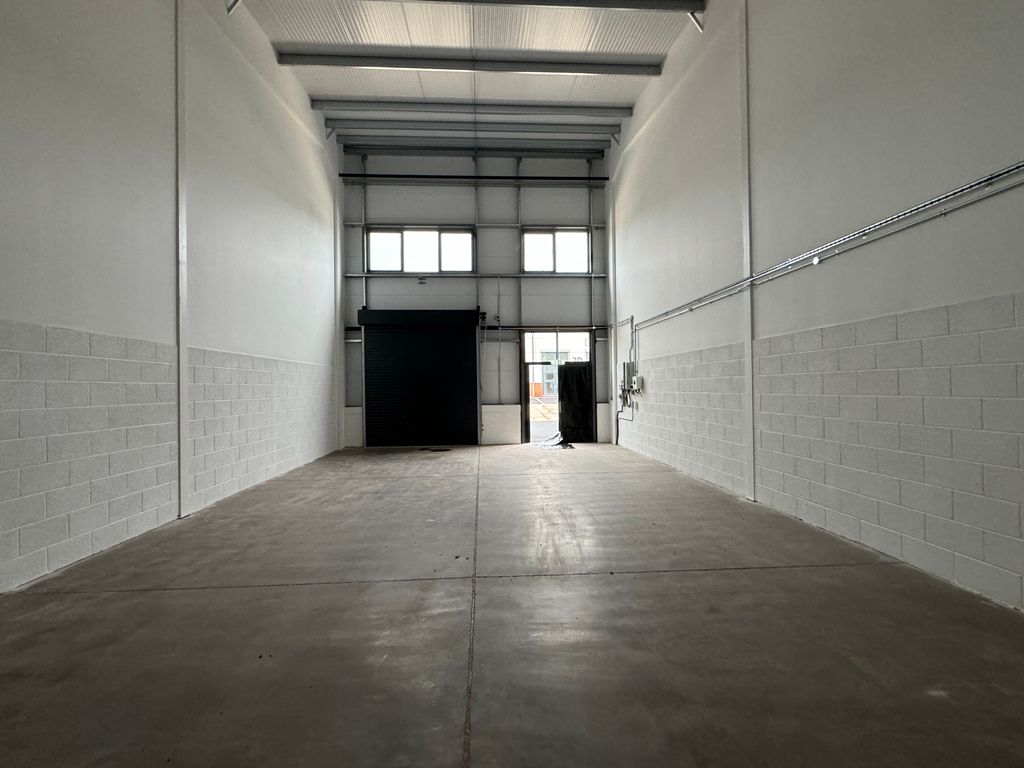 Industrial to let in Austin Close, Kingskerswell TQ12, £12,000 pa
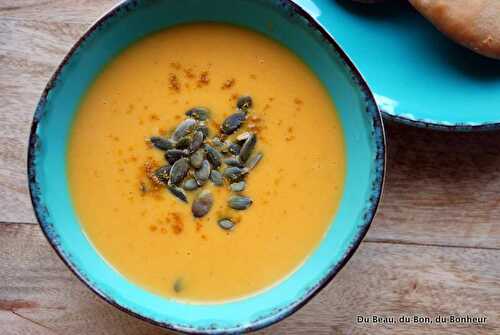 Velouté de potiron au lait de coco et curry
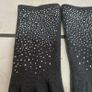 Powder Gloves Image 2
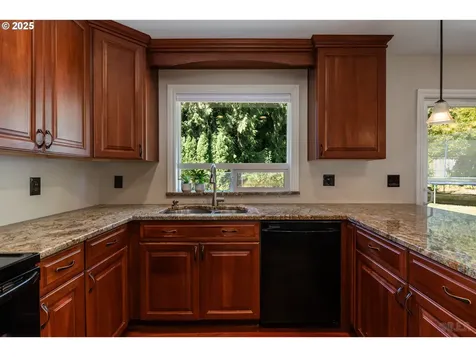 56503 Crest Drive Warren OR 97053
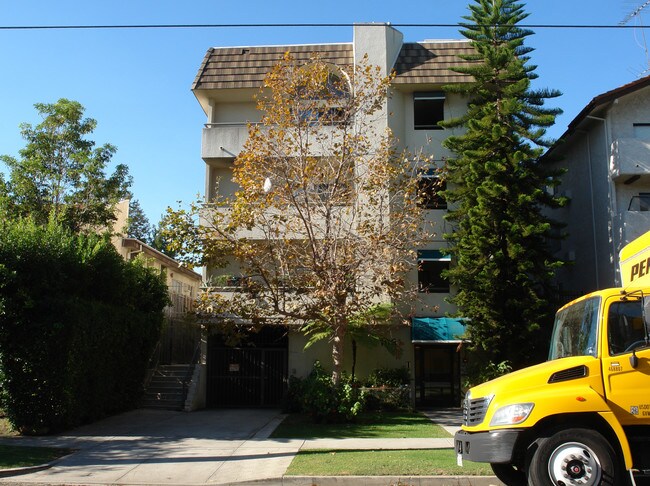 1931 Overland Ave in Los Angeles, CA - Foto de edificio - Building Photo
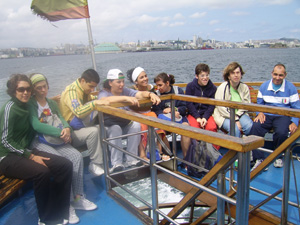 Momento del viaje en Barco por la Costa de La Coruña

* * *

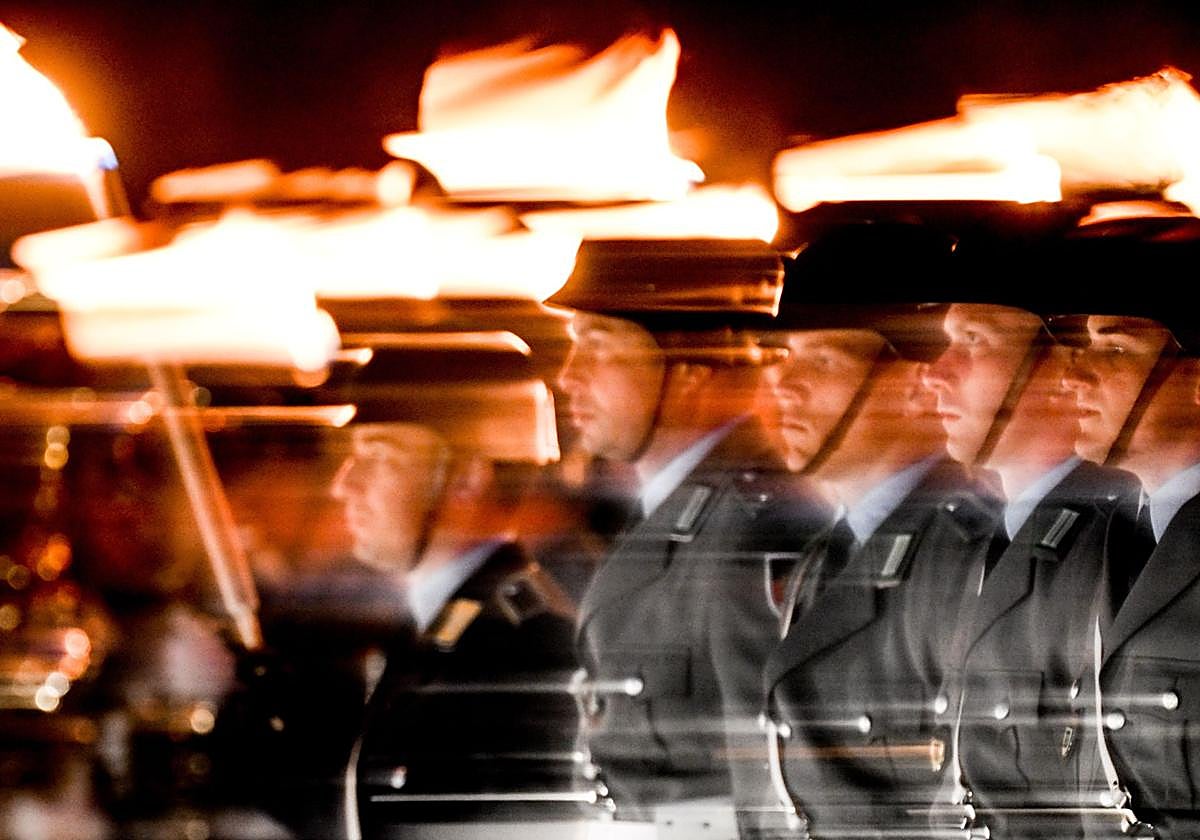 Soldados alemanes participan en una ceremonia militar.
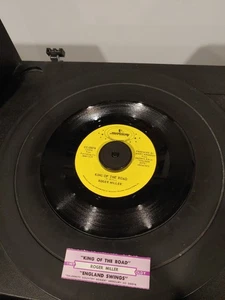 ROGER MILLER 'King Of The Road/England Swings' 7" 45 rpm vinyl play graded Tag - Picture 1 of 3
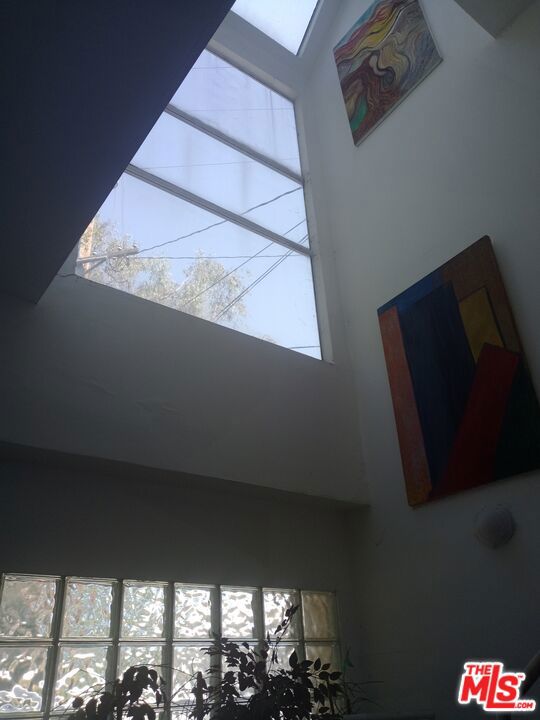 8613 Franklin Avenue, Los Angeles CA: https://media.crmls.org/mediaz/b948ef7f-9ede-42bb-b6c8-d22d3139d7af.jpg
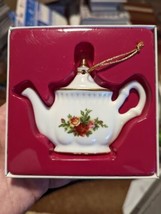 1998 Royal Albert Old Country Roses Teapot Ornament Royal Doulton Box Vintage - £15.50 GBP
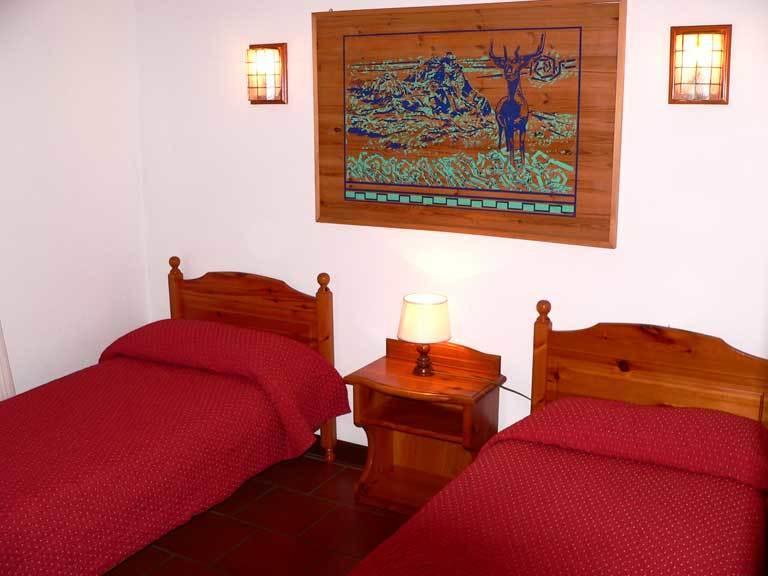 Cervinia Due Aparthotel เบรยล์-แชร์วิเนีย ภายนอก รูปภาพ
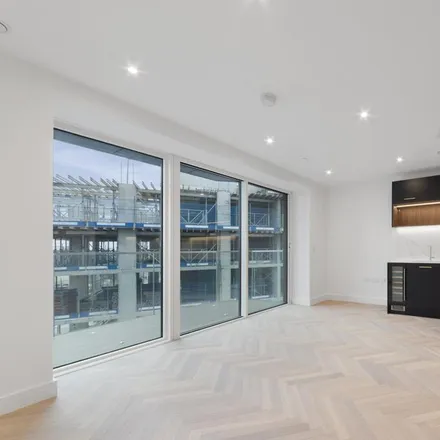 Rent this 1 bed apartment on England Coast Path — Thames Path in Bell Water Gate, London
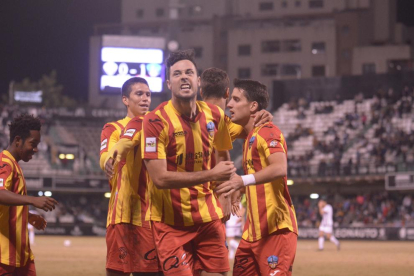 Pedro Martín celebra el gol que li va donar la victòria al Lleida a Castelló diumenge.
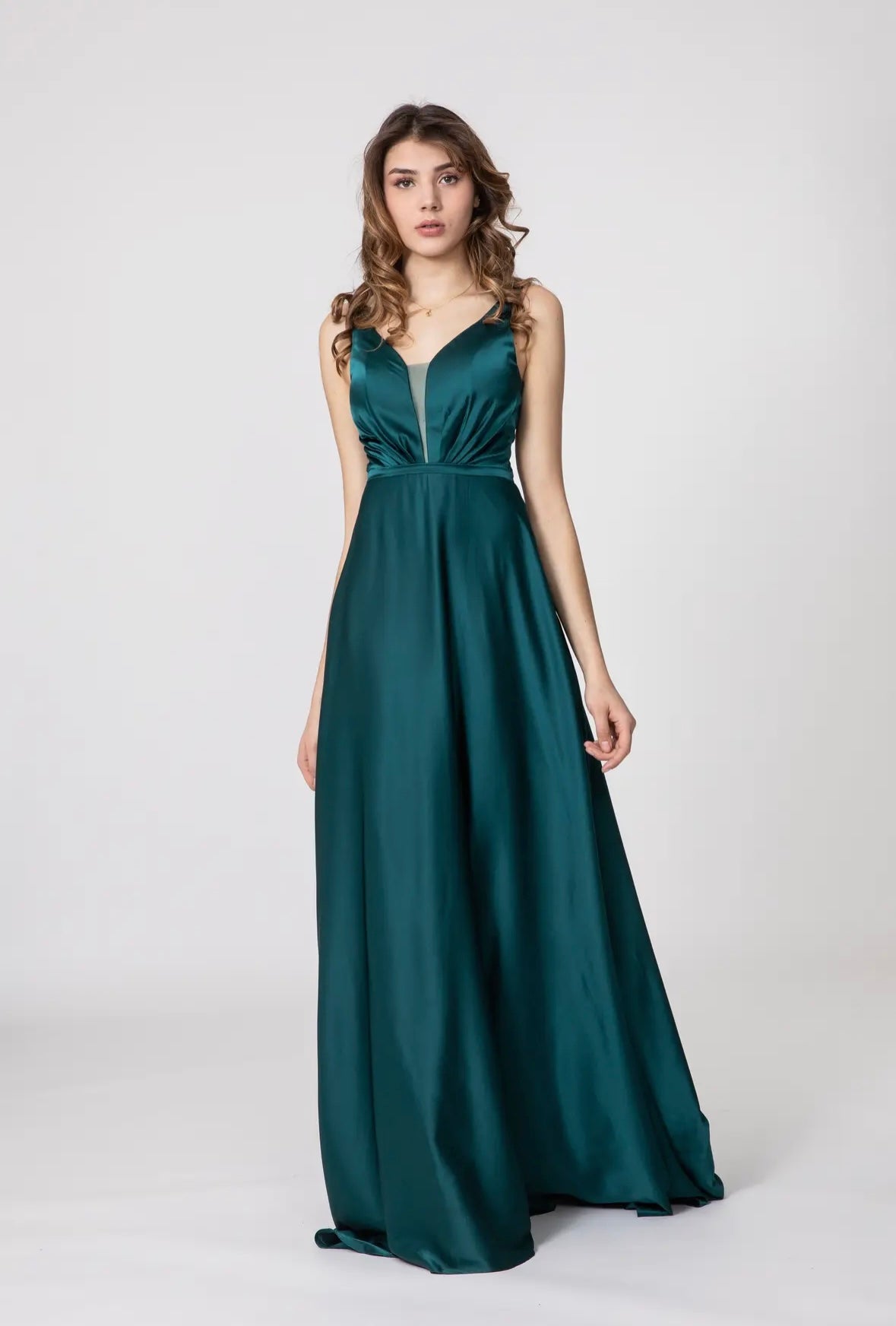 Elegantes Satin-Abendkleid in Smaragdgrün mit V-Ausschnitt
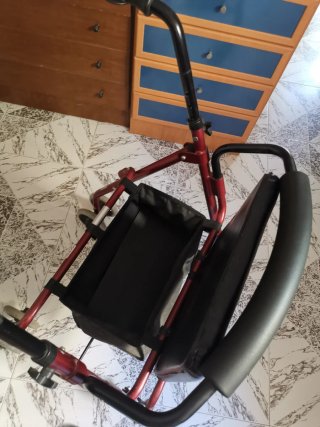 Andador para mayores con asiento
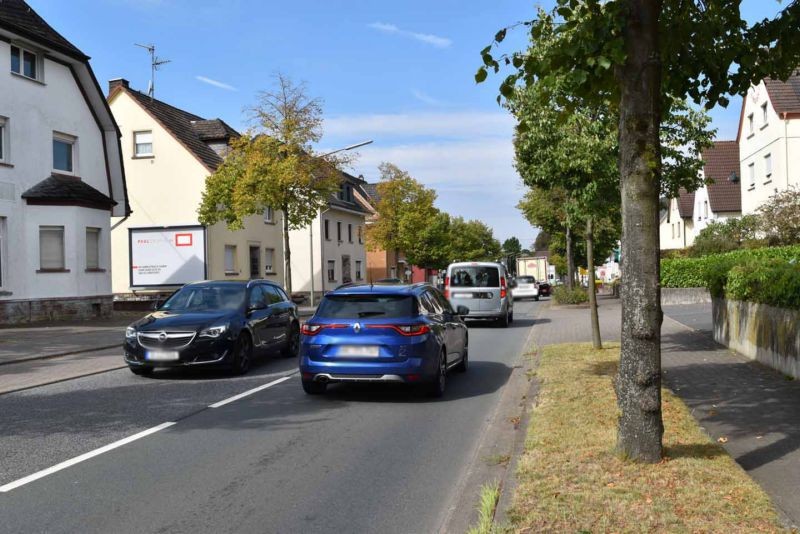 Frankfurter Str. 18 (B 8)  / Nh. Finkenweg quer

* * *

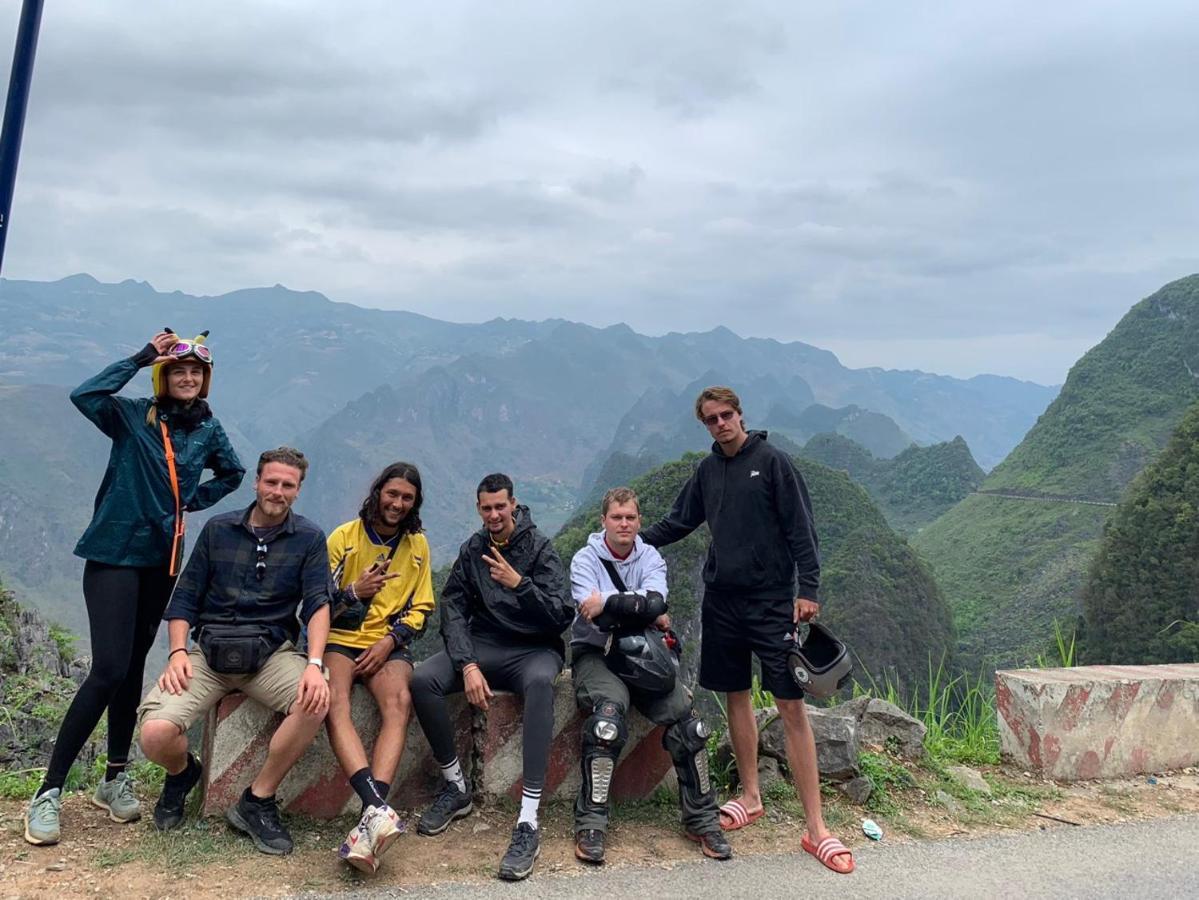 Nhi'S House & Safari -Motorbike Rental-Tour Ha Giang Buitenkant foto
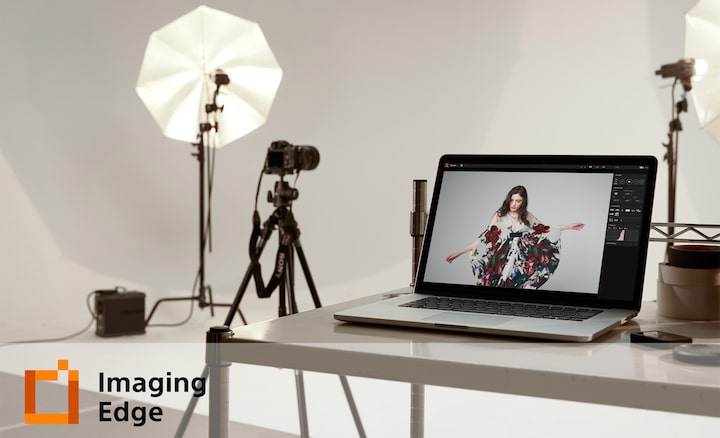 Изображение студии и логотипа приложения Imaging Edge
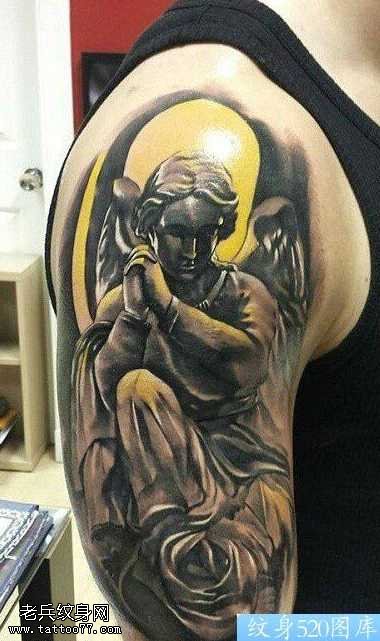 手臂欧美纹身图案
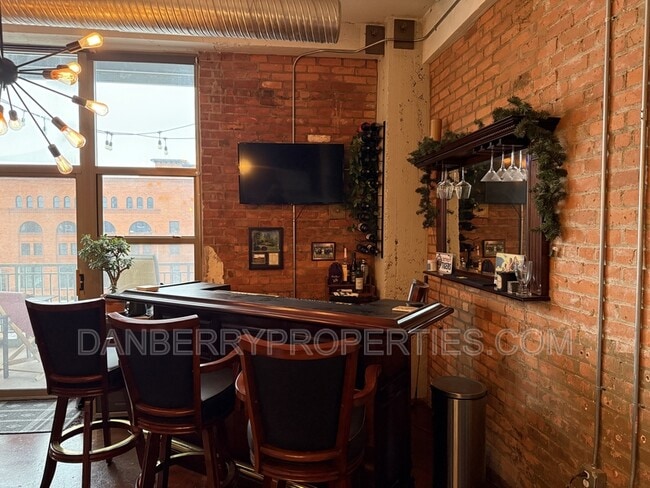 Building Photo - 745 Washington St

** Problem details **
Reproduce exactly the lines above starting at the line containing "Cervinia Due Aparthotel" and ending at the line containing "Frankfurter Str. 18", including both, but not the pictures.

** Result of the task **
 Cervinia Due Aparthotel เบรยล์-แชร์วิเนีย ภายนอก รูปภาพ
 Rent this 1 bed apartment on England Coast Path — Thames Path in Bell Water Gate, London
 Pedro Martín celebra el gol que li va donar la victòria al Lleida a Castelló diumenge.
 Elegantes Satin-Abendkleid in Smaragdgrün mit V-Ausschnitt
 Andador para mayores con asiento
 Frankfurter Str. 18 (B 8)  / Nh. Finkenweg quer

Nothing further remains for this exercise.